Today’s guest blogger is The Rev’d Andrew Pearson. Andrew is Associate Rector at St. Helena’s, Beufort, SC.
THE FOLLY OF SELF-IMPROVEMENT
‘Lord, make me thin…or make all of my friends look fatter than me.’ This prayer normally marks the inauguration of summer and the bathing suit season. I think it is fairly clear that men have also bought into the lie about image and the human body. I have now achieved the age where when I look at a recently taken photograph I say, ‘Ugh, I look terrible,’ knowing full well that in five years time I will look at the same picture and say to myself, ‘I would kill to look like that again.’ As human beings we lack perspective. Not just a little, but we are completely incapable of objective self critique.

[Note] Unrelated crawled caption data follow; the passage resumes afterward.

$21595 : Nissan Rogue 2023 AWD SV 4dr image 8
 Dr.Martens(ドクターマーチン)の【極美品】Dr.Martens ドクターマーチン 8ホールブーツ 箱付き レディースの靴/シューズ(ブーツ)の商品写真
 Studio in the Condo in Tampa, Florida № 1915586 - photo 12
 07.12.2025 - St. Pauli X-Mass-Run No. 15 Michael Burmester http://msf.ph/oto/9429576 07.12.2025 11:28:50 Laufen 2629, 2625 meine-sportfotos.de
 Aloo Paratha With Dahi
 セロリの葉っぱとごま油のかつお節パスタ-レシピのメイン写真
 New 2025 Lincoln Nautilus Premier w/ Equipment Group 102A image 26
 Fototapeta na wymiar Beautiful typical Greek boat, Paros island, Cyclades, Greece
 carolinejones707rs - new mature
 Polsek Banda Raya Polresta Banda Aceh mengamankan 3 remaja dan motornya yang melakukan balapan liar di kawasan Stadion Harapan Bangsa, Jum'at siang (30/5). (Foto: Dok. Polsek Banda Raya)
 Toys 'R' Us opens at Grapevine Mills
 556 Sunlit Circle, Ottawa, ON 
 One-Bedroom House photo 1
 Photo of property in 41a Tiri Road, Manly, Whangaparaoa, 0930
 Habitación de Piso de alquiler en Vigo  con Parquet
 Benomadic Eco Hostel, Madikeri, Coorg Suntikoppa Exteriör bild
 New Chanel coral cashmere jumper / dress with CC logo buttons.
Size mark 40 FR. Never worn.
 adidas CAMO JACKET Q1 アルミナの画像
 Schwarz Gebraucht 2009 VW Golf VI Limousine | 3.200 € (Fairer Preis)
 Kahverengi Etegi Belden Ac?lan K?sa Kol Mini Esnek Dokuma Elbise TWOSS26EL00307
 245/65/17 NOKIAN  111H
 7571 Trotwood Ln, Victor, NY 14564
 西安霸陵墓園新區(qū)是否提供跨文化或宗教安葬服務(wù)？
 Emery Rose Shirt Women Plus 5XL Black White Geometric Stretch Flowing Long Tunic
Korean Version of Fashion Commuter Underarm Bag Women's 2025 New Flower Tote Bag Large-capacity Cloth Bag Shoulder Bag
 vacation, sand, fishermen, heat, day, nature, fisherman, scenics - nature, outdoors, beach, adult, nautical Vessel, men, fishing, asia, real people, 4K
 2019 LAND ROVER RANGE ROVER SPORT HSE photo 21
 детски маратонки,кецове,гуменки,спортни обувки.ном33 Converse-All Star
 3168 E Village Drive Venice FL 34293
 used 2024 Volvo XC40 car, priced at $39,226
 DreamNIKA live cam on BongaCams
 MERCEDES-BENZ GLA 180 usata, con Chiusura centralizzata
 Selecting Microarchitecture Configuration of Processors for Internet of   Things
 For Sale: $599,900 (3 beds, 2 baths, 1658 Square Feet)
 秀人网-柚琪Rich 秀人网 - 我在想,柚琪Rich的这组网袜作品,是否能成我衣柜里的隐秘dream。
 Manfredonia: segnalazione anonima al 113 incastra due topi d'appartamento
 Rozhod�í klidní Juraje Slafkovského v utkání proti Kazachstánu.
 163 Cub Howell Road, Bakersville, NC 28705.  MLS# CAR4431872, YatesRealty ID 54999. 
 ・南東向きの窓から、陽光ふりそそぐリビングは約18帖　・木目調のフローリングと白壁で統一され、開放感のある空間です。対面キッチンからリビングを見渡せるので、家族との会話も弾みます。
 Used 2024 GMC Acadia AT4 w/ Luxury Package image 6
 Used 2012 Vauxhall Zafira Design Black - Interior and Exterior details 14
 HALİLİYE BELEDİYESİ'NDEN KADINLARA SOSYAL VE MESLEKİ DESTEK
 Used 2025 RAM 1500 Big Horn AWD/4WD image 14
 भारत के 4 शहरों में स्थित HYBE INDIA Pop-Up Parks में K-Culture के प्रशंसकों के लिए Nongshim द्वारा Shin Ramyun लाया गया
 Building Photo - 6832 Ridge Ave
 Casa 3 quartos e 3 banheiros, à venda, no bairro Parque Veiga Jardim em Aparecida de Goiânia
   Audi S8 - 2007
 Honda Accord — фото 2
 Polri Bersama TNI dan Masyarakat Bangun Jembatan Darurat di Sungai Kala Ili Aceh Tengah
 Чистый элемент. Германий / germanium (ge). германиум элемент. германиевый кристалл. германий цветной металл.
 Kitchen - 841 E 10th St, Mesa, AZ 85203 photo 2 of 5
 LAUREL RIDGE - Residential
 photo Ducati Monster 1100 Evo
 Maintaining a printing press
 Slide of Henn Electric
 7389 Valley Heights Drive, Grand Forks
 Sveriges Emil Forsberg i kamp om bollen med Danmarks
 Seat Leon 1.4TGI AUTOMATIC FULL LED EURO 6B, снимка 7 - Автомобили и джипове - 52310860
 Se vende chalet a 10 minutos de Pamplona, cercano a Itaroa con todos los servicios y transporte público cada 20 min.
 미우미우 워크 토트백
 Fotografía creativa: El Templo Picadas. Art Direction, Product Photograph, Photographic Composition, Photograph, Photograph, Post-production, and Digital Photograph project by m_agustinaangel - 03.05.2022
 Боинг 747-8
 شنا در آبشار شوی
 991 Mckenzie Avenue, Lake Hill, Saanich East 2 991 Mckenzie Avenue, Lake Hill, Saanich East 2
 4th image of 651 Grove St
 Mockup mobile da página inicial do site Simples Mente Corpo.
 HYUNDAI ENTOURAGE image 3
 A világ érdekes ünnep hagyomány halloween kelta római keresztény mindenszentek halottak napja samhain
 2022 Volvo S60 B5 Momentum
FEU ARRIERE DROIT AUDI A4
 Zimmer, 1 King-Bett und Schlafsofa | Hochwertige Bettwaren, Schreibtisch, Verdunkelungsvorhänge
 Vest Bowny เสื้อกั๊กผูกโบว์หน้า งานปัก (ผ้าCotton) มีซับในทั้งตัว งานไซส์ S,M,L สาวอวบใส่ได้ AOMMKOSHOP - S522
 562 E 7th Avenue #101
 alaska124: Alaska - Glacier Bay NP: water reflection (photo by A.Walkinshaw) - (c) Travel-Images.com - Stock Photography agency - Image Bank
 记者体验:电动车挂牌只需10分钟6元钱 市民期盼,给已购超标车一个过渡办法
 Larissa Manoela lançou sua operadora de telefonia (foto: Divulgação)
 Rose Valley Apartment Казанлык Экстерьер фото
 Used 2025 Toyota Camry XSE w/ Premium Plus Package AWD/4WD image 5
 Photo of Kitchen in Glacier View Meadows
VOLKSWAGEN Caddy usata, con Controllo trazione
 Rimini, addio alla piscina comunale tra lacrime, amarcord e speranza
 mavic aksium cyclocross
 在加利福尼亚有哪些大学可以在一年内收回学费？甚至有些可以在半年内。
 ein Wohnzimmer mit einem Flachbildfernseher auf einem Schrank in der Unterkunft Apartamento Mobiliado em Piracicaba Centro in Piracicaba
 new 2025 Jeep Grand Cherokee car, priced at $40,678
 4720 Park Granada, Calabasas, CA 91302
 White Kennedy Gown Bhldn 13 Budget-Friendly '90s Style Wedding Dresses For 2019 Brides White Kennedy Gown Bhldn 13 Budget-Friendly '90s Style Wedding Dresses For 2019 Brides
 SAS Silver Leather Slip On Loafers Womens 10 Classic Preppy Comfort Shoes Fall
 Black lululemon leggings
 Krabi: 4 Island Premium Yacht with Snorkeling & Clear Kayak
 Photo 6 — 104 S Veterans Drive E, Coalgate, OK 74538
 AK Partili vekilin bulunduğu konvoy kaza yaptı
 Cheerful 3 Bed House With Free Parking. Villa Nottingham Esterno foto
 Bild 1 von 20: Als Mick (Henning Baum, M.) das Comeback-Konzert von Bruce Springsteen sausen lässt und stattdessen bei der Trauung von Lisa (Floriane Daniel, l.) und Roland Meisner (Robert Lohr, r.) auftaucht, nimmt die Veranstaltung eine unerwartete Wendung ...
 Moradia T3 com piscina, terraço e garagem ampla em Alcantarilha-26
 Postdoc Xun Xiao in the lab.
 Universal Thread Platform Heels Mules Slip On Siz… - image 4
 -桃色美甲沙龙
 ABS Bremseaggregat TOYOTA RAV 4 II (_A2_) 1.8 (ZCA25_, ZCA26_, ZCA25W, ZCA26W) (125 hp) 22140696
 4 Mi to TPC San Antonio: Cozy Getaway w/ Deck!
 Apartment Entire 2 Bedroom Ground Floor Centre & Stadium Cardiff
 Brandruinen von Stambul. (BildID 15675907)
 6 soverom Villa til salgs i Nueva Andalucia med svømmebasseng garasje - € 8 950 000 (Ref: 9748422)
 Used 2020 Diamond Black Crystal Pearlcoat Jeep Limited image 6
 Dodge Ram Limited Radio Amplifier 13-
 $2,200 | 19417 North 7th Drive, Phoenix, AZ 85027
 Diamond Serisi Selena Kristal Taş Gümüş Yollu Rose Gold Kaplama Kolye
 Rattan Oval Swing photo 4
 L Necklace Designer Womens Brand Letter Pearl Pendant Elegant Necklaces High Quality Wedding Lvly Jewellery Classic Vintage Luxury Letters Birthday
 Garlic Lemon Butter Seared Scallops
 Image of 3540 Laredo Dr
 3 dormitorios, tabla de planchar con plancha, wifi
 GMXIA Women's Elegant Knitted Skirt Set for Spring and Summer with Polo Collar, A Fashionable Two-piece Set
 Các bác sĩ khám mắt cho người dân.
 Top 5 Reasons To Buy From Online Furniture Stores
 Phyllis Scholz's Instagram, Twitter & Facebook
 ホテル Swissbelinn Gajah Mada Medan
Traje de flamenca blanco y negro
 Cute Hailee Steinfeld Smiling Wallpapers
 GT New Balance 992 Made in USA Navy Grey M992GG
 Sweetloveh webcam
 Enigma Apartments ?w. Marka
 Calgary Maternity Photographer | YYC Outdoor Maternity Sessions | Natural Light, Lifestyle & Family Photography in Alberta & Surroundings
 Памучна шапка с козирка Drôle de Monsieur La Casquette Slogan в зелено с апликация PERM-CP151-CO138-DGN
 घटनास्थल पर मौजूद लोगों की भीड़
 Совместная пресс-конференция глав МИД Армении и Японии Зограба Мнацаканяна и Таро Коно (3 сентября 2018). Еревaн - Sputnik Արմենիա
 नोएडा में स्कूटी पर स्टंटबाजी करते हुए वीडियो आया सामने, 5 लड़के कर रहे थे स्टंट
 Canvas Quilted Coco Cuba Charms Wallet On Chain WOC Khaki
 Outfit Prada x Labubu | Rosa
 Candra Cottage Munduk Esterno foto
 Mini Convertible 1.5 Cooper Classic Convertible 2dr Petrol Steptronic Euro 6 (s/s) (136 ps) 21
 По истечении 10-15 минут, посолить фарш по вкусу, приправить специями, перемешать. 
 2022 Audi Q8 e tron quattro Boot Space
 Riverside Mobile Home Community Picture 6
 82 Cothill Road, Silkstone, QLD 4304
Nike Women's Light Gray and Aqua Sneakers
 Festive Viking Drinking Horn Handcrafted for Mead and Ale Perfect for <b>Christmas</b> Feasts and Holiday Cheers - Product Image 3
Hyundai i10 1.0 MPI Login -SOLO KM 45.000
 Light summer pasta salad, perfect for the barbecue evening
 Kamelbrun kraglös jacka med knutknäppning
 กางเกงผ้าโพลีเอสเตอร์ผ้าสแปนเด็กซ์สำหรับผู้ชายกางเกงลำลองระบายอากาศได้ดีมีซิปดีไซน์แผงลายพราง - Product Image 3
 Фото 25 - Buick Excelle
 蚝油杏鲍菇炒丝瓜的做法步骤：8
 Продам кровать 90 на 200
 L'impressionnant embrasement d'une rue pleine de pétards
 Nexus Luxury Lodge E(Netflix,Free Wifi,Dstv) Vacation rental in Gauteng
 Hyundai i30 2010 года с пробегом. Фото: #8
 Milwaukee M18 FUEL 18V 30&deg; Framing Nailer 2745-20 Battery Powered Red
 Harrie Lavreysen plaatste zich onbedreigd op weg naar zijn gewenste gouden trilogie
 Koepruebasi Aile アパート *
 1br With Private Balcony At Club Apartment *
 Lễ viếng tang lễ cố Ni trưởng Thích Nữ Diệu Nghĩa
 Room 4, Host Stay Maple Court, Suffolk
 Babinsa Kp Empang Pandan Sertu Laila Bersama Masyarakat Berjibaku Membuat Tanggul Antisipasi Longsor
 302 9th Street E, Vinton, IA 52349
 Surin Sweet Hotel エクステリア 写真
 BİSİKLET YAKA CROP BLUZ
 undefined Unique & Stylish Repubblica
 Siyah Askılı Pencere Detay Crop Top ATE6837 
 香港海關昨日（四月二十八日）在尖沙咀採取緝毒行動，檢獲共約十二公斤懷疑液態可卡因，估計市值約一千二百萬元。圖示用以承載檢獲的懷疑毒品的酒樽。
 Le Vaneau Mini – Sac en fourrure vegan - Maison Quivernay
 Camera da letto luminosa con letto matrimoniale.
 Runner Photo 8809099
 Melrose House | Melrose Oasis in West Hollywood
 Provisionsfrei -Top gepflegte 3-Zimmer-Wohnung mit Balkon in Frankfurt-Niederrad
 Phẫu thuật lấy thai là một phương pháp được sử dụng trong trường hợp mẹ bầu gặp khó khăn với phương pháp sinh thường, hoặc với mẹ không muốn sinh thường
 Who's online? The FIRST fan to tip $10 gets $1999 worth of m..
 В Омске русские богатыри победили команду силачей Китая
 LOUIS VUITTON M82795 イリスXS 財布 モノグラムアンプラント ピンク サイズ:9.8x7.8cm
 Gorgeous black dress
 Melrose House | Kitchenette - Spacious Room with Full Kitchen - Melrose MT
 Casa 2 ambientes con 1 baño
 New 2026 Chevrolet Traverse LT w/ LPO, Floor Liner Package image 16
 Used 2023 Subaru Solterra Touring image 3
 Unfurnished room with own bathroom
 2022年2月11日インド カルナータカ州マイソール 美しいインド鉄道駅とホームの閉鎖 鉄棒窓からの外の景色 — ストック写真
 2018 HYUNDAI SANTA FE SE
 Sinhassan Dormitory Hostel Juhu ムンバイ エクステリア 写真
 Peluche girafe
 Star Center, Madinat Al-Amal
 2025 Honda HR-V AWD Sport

I have always been bothered by the interview question, ‘What do you feel are your strengths?’ My response tends to gravitate toward what I ‘like’ to do as we perceive our strengths to be those tasks we enjoy. Inevitably, young seminarians and clergy rank preaching as one of their strengths. Frank Limehouse, Dean of the Cathedral Church of the Advent in Birmingham, once said, ‘I’ve never met a seminarian who didn’t think they were gifted in preaching and I have yet to meet one who is.’ And even after being in ministry a while, things never change. I received an e-mail the other day that asked all of the staff to rewrite their job descriptions (‘What is it that you exactly do around here?’) and I responded, ‘To be awesome.’ In my life I am guilty of over exaggerating both my strengths and weaknesses.
As a fallen man in this world, life has a crushing effect and throws a powerful spotlight on my weaknesses. And as a Christian, God’s Law shows me my incapability of rescuing (much less helping) myself (‘Be perfect as your Father in heaven is perfect!’). A minister friend of mine said once, ‘The more you believe in yourself the less you can be a true Christian.’ When I first heard those words, as a believer, I grimaced a little. But upon reflection, in light of my fallen nature and God’s holy Law, I could only cry out, ‘Wretched man that I am! Who will rescue me from this body of death?!’ (Rom. 7:24). St. Paul himself answers his own question: ‘Thanks be to God through Jesus Christ our Lord!’ (Rom. 7:25).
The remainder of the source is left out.